After aborted attempts to team up with rivals - namely Toysmart.com and Brainplay.com - in April Nakasone hit paydirt: a deal with Benchmark Capital to help fund and build its new online business operation. In announcing the deal, Nakasone called it a major step in the company's strategy "to be the clear leader in the online retail market for toys and children's products by fourth quarter 1999."

But what was heralded in early spring as a precedent-setting arrangement - matching retailing's old guard with the e-commerce-savvy venture community - unraveled last week. In the postmortem, both sides are pointing fingers. People close to Toys allege Benchmark wanted too large a stake in the Toysrus.com business. Those on the VC side maintain Toys management was naive to think it wouldn't have to relinquish part of the business in exchange for Benchmark money and connections.
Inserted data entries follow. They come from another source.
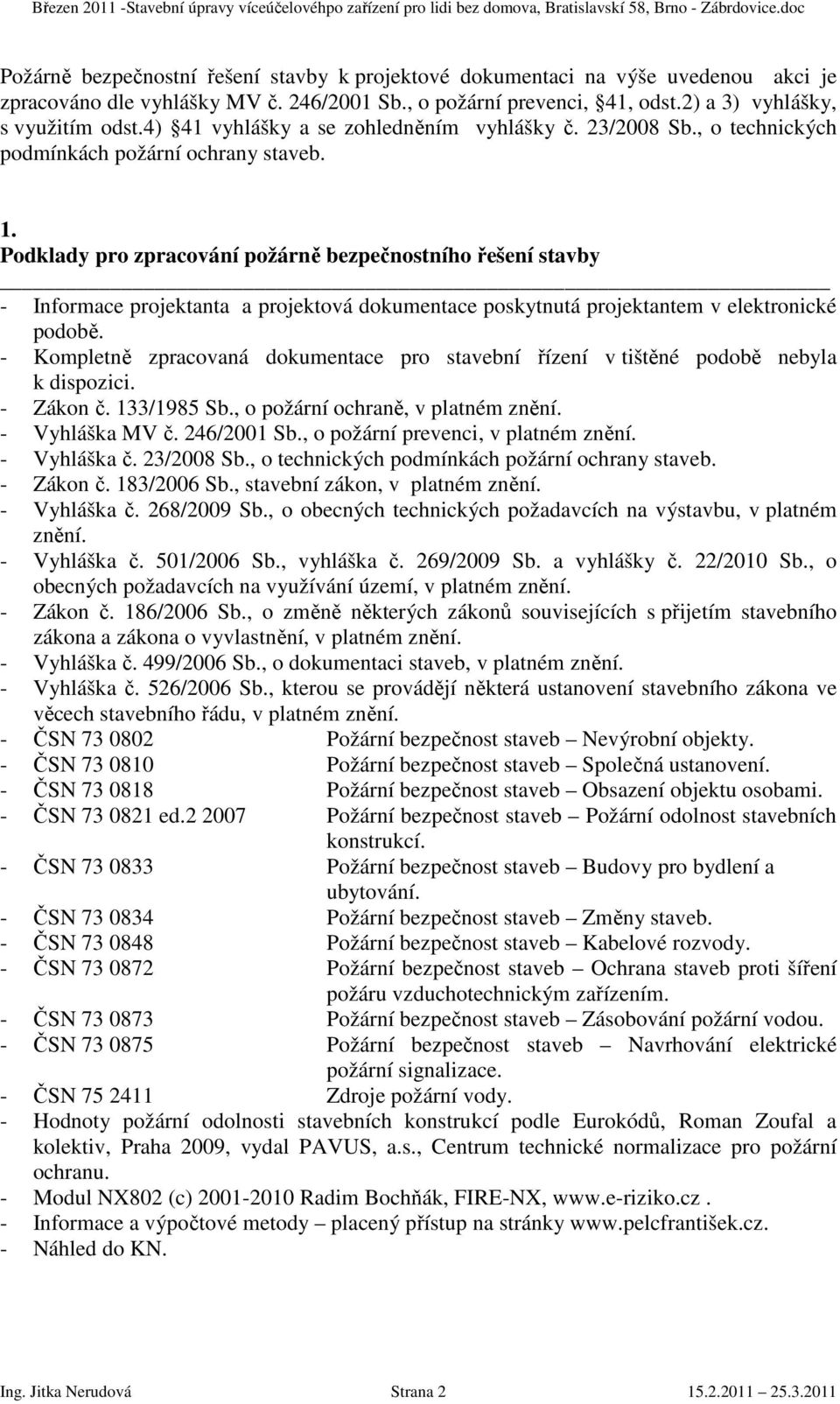 Podklady pro zpracování požárně bezpečnostního řešení stavby - Informace projektanta a projektová dokumentace poskytnutá projektantem v elektronické podobě.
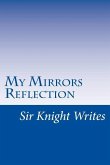 Sir Knight Writes: My Mirrors Reflection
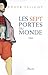Les sept portes du monde
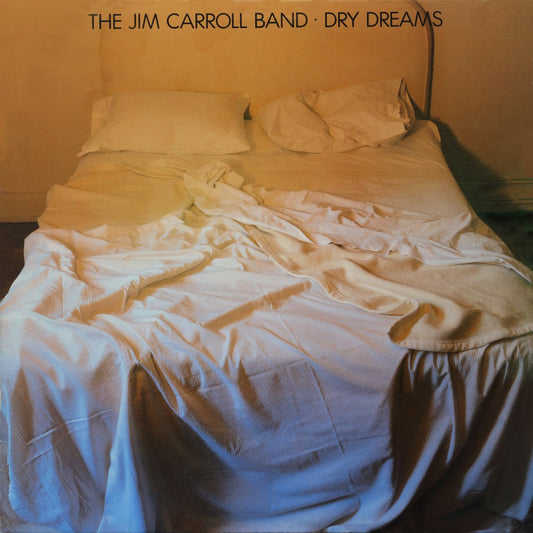 Carroll, Jim Band, The - Dry Dreams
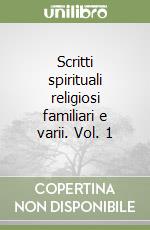 Scritti spirituali religiosi familiari e varii. Vol. 1 libro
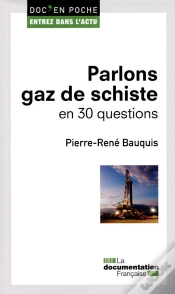 Capa do artigo Parlons Gaz De Schiste En 30 Questions
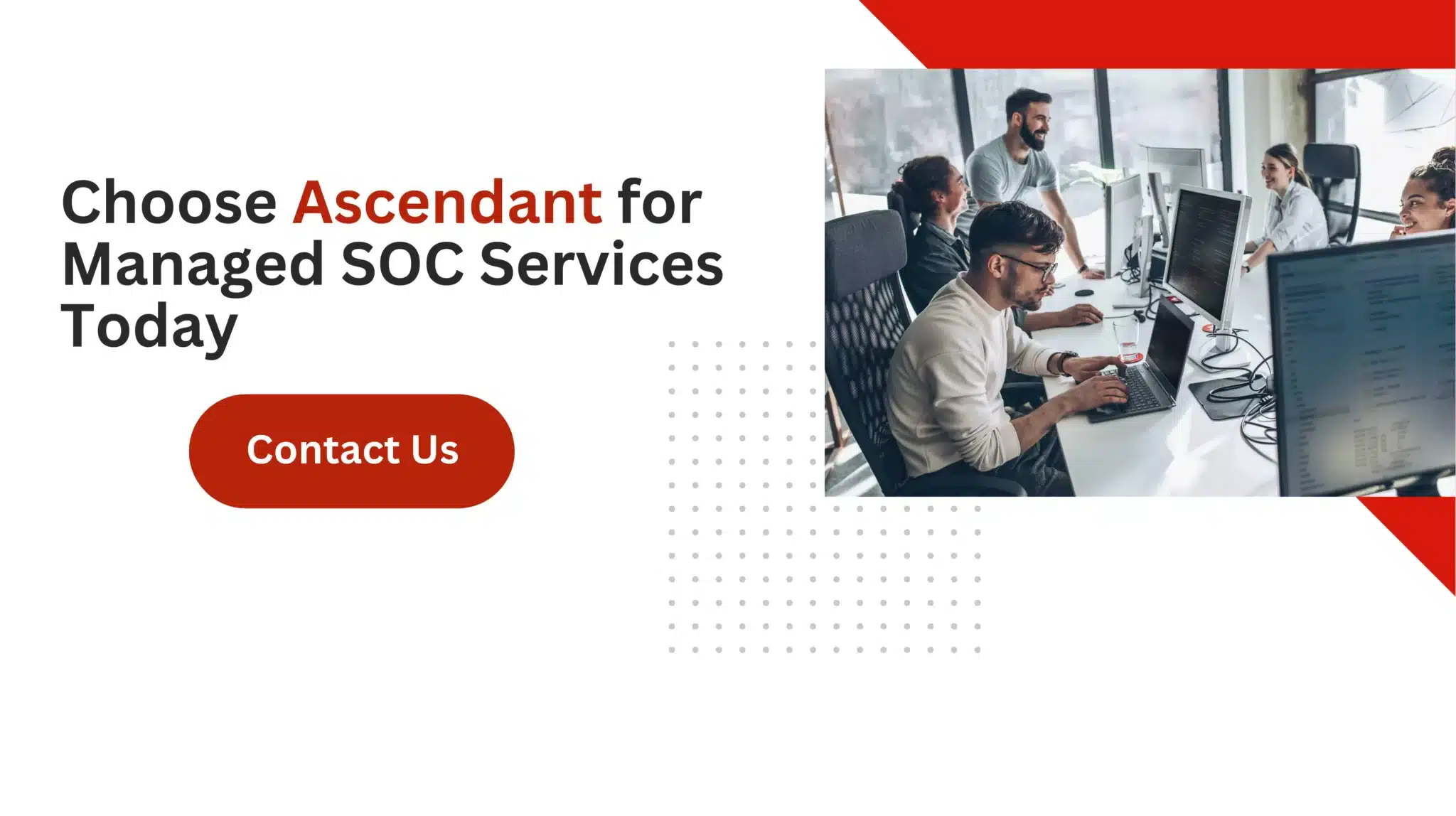 Choose Ascendant for Managed SOC Services Today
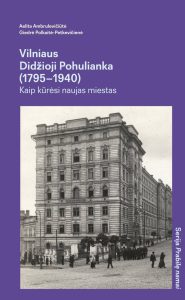 Ambrulevičiūtė, Aelita, Polkaitė-Petkevičienė, Giedrė. Vilniaus Didžioji Pohulianka (1795–1940): kaip kūrėsi naujas miestas. – Vilnius, 2026. Knygos viršelis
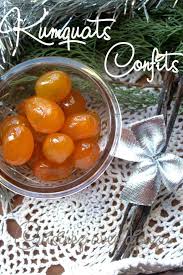 Kumquats Confits Recette Maison Rapide Recette En 2020 Kumquat Confit Recette Recette Maison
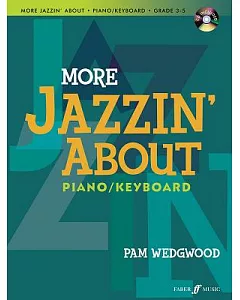 More Jazzin’ About: Piano / Keyboard: Grades 3-5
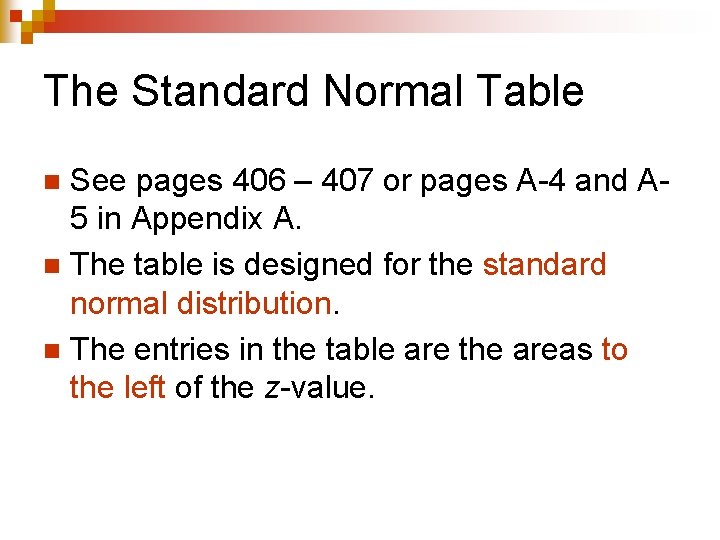 The Standard Normal Table See pages 406 – 407 or pages A-4 and A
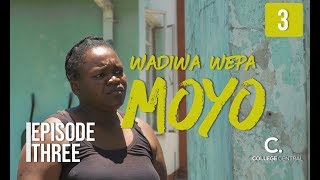 Wadiwa Wepa Moyo S1 Ep 3 [upl. by Malcah]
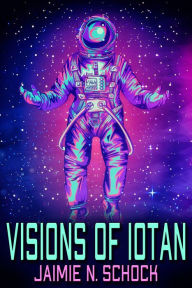 Title: Visions of Iotan, Author: Jaimie N. Schock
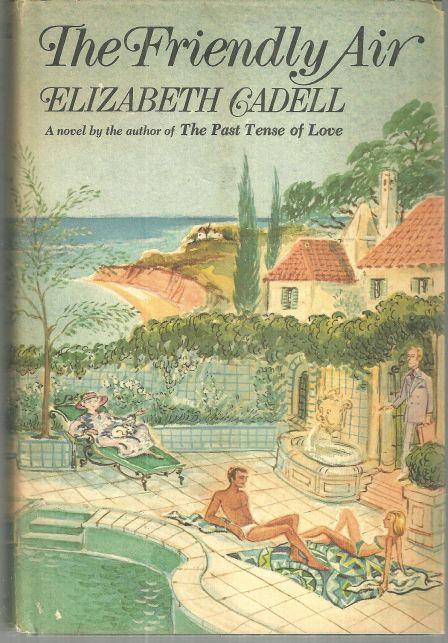 Friendly Air by Elizabeth Cadell 1971 1st edition with Dust Jacket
The partnership fell apart because the two sides couldn't agree on who would own the Internet venture, confirms Benchmark general partner Robert Kagle. "We imagined that it would be an independent company that could be capitalized independently," he says. "At some level, that was inconsistent with Toys "R" Us shareholders' interests."

The breakdown of the relationship is a costly one for both parties involved. Benchmark, which has enjoyed a string of successful e-commerce ventures from eBay (EBAY) to Ariba, is now saddled with a high-profile failure. When the two companies announced the partnership in April, Benchmark hailed it as the first in a new type of alliance that would enable traditional corporations to tap into the magic of Silicon Valley's entrepreneurialism. But Kagle now says that for such partnerships to work, companies need to be willing to relinquish some control and give venture capitalists a shot at "unlimited potential returns." He adds that Benchmark is evaluating several such ventures.

"What we can't afford as VCs is be a consultant to large corporations," Kagle notes. "If you look at returns in the venture business, you'll see that results of VCs really rely on the balls that not only go out of the park, but also roll down the street for a while."

The perception of failure may not linger long for Benchmark. However, the same can't be said for Toys. The company's stumbles may have already cost it another e-Christmas.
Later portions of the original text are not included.